The short answer….It Depends! When I decided to create my amateur radio podcast titled “The Practical Amateur Radio Podcast”, it was to be a mechanism to deliver practical content to the radio amateur. The Podcast and my other new media efforts centered around blogging about amateur radio and my SOTA adventures along with my YouTube Channel are the overall result of my wanting to entertain, encourage, educate and inspire others in a truly practical way.
Before I get into this discussion, perhaps I should point you in the direction of previous articles I wrote regarding “Choosing a Backpack for SOTA” and “A Good Hiking Boot”. I suggest these two articles as a starting point only for the sake of comfort. If your first SOTA activation is less than enjoyable because you don’t have the correct footwear or a properly fitting backpack, then it probably won’t matter much what radio you use for additional SOTA activations. Keep in mind that SOTA is different from the perspective that reaching the summit or activation zone has very little to do with amateur radio, but more to do with basic mountaineering concepts.
What Radio do you own today?
I ask this question simply to say, that it is possible the radio you own today will work perfectly fine for your first SOTA activation. It may actually work perfectly for many SOTA activations. Really the only requirement is that the radio must be able to operate on battery or solar power AND be something you can carry to the summit.
Many radios fall into the category of portable and will work just fine for a SOTA activation. While the Yaesu FT-817 and Elecraft KX3 are popular QRP SOTA rigs, many activators are using the portable 100w offerings from Yaesu including the FT-857/FT-897, ICOM IC-7000 and Kenwood TS-480 just to name a few. While these rigs are bigger and heavier than the QRP offerings, once on the mountaintop and with power throttled down to QRP levels, these rigs can provide hours of mountaintop enjoyment.
SOTA does not have to mean HF Operations
That’s right! A SOTA activation does not have to be on HF using an HF transceiver. If all you own is a hand-held (often referred to as an HT), that little radio along with a better antenna setup, can get you on the air from a SOTA summit.
While I’ve never attempted a V/UHF only SOTA activation, I have made plenty of 2m Simplex contacts from mountain top locations. Many of the summits I’ve activated for Summits on the Air are less than 40 miles from the greater Denver metro area. This means even with a slightly better vertical antenna like the Diamond SRH-77CA, one can have reasonable success working nearby stations.
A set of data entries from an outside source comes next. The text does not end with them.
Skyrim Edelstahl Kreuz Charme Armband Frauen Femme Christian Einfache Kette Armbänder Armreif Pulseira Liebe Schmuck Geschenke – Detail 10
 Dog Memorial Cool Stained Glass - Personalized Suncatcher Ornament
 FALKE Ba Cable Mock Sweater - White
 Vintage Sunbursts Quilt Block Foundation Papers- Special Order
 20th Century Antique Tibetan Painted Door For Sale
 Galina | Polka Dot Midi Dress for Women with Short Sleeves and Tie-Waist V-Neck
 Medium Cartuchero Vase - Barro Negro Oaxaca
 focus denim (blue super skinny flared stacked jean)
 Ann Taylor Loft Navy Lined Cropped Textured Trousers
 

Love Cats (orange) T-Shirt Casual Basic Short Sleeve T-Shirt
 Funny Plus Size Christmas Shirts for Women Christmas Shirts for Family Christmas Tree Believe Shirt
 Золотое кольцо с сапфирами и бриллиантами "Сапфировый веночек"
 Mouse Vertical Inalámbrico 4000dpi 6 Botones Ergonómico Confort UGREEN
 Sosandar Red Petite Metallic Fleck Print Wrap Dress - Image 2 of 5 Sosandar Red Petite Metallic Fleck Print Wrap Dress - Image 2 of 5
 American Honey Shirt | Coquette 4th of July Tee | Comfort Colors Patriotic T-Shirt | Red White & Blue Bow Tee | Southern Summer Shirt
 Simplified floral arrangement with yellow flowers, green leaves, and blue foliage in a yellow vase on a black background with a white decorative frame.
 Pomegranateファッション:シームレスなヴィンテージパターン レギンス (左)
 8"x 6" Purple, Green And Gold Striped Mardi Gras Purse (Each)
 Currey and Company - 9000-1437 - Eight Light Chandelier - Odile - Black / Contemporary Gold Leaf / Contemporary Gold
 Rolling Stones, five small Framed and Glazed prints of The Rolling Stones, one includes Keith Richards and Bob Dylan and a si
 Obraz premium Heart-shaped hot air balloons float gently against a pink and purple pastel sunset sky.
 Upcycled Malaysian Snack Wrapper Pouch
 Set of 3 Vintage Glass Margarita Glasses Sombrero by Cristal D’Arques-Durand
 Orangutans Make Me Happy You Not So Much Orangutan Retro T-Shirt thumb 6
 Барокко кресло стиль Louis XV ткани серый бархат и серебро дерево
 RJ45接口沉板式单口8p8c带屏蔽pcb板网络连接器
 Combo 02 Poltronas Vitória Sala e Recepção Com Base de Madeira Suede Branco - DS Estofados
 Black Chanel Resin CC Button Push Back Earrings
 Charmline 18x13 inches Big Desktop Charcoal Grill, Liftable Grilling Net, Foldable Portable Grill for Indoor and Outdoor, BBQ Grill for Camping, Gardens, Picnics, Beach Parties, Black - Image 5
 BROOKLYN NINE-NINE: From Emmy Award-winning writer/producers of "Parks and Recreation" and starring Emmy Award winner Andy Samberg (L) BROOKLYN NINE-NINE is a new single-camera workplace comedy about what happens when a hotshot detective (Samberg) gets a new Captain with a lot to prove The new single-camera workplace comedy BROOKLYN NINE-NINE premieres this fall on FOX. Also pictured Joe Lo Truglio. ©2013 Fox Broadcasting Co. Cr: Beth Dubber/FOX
If you aren’t opposed to packing along a little extra weight, a directional antenna like the Elk log periodic five element antenna or the Arrow II Portable Satellite antenna will provide you a little better gain while providing the ability to control the direction of your signal. Of course, don’t forget about polarization as you orientate your antenna. Check out this YouTube video from Ham Radio School.com for a practical explanation regarding polarization.
Work the World on HF
There are many reasons why I enjoy the SOTA program. I do love being outdoors and I equally love our hobby of amateur radio. During my first SOTA activation, I set the bar fairly low. I was hoping to work some US stations on HF and had many waiting for me on 2m Simplex. However, what I didn’t realize was the DX contacts I would make that day.
About half way through my SOTA activation and battling a cold wind, I heard stations responding to my CQ from Germany, Spain and a brand new DX entity for me at the time of Czech Republic. I worked them all from my Yaesu FT-817 running 5 watts.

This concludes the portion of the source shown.